PROVIDED RECORDS below:
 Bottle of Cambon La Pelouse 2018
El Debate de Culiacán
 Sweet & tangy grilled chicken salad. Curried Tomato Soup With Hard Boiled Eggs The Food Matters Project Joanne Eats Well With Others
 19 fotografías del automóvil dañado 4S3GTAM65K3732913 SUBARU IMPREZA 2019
End of PROVIDED RECORDS.
PROVIDED RECORDS below:
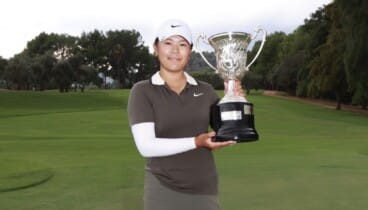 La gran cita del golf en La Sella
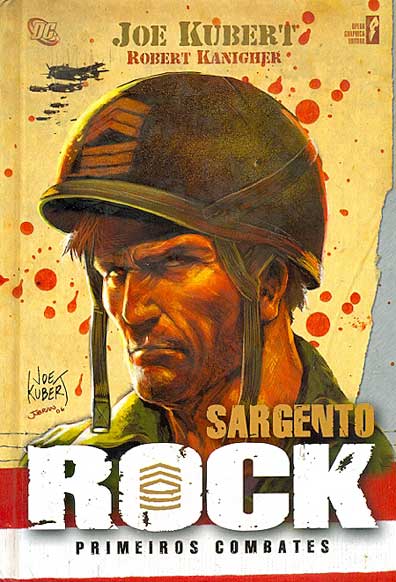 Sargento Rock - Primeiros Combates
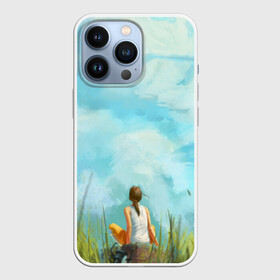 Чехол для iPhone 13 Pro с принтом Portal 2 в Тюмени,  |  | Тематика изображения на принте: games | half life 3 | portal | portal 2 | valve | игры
End of PROVIDED RECORDS.
PROVIDED RECORDS below:
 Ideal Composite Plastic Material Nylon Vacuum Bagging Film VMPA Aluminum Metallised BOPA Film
End of PROVIDED RECORDS.
■ **ASSIGNMENT**
Return, unchanged, the run of lines above that opens with the line containing "Bottle of Cambon La Pelouse 2018" and closes with the line containing "19 fotografías del". Include both.

■ **RESULT OF THE EXERCISE**
 Bottle of Cambon La Pelouse 2018
El Debate de Culiacán
 Sweet & tangy grilled chicken salad. Curried Tomato Soup With Hard Boiled Eggs The Food Matters Project Joanne Eats Well With Others
 19 fotografías del automóvil dañado 4S3GTAM65K3732913 SUBARU IMPREZA 2019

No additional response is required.